New in GWYRE 2.0
GENERAL
- Data on interactions were collected from IntAct and BioGRID databases. Information on proteins was collected from UniProt.
- AlphaFold2-multimer fold-and-dock models are incorporated into the database instead of the template-based docking models.
- Models and experimental structures are provided also for the non-human protein pairs.
- The web application has been implemented in Python using the Flask web
application framework. The visualization page has been re-implemented with JavaScript using D3.js for the variant viewer
and JSmol for the structure viewer.
EXPERIMENTAL STRUCTURES
- From the Expression tag information extracted from the asymmetric PDB files, the residues associated with those expression tags have been removed from the experimental structure file.
- The remaining residues, which we have termed as the trimmed experimental sequence, have been re-numbered to match the numbering of the corresponding canonical UniProt sequence.
- Sequences shown on the variant panels use the trimmed experimental sequences.
- Chain IDs in the experimental structures are changed to A (larger chain in the pair as determined by the original UniProt sequence) and B (smaller chain in the pair).
- A mapping of the original residue numbering to the numbering in the original UniProt sequence is included in the downloadable files. The mapping includes specifying
the removed and missing residues. In the mmCIF file, a summary of the mapping is included in the REMARKS at the top. The accompanying information file (referenced
in the mmCIF file) contains more specific information about the renumbering changes.
- A mapping of original residue numbering to the numbering in the original UniProt sequence is provided as REMARKS in the downloadable file as well as in a plain text
file included in the download. This includes specifying the removed and missing residues.

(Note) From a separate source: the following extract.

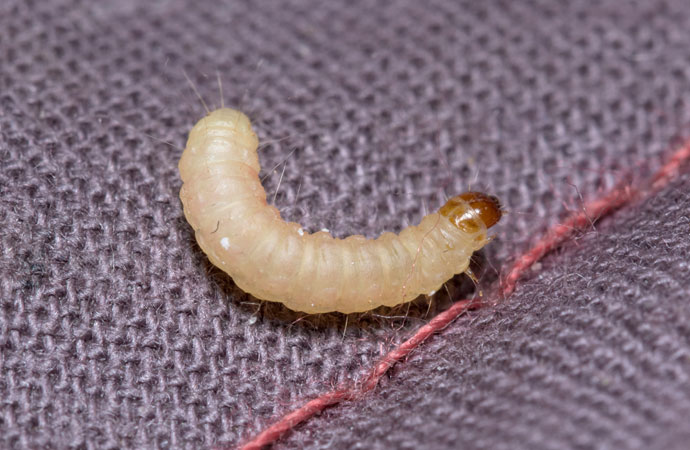 Moth Larvae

- The file format for the download is in mmCIF format.
SEARCH PAGE
- When searching for an interaction, an optional secondary search is now available. This will restrict the results from the primary search term.
- All searches can now be performed for parts of the search term. For example, 'P55' rather than specifying P55160 for accession, kinase to find all
interactions where one of the proteins includes kinase in the name, or PPA for B'KAPPA for gene names.
- You can now search by Protein Name. This search is done across all names associated with the protein.
- Gene searches are performed against the gene name and gene synonyms.
- When you perform a search by UniProt accession or partial accession, the returned results will include matches based on UniProt secondary accessions.
All proteins matched based on secondary accession are indicated by the accession being in bold and colored red with an information button.
When you hover over the information button, it will show a box containing all the accessions for this protein.
VISUALIZATION
- A new design provides better visual perception based on common display resolutions for different monitors, tablets, and phones.
- The visual interface shows multiple experimental structures for the same interactions when such structures are available.
- If multiple binding sites exist for the interaction, the representative structure for the first binding site will be first on the list and displayed
by default. Each binding site has its own representative structure.
- A new feature has been added to show only the variants on the interface for each protein.
- Variants for the experimental structures on portions of the sequence not resolved in the experiment are not shown.
- When a variant is selected, the corresponding portion of the structure is zoomed in and changes its color and representation to the ball-and-stick.
- Different color schemes for color vision deficiency are implemented.
- For the AlphaFold models, pLDDT and PAE graphs are provided as additional information for user to evaluate the reliability of the models.